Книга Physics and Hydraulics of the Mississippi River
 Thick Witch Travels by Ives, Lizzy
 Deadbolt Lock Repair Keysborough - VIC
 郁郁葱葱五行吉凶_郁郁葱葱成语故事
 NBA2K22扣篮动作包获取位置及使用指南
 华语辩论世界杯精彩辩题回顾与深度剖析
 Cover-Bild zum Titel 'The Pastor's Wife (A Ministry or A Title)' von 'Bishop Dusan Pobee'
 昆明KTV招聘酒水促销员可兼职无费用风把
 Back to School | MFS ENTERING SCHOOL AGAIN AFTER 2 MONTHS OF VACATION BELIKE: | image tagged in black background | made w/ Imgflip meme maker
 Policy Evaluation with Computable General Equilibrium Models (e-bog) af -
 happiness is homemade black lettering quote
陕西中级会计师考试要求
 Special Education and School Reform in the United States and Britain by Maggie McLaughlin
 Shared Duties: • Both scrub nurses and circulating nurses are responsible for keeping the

....

§ **Action item**
Copy out the lines above exactly, beginning at the one that contains "郁郁葱葱五行吉凶_郁郁葱葱成语故事" and ending at the one that contains "昆明KTV招聘酒水促销员可兼职无费用风把".

§ **Solved problem**
 郁郁葱葱五行吉凶_郁郁葱葱成语故事
 NBA2K22扣篮动作包获取位置及使用指南
 华语辩论世界杯精彩辩题回顾与深度剖析
 Cover-Bild zum Titel 'The Pastor's Wife (A Ministry or A Title)' von 'Bishop Dusan Pobee'
 昆明KTV招聘酒水促销员可兼职无费用风把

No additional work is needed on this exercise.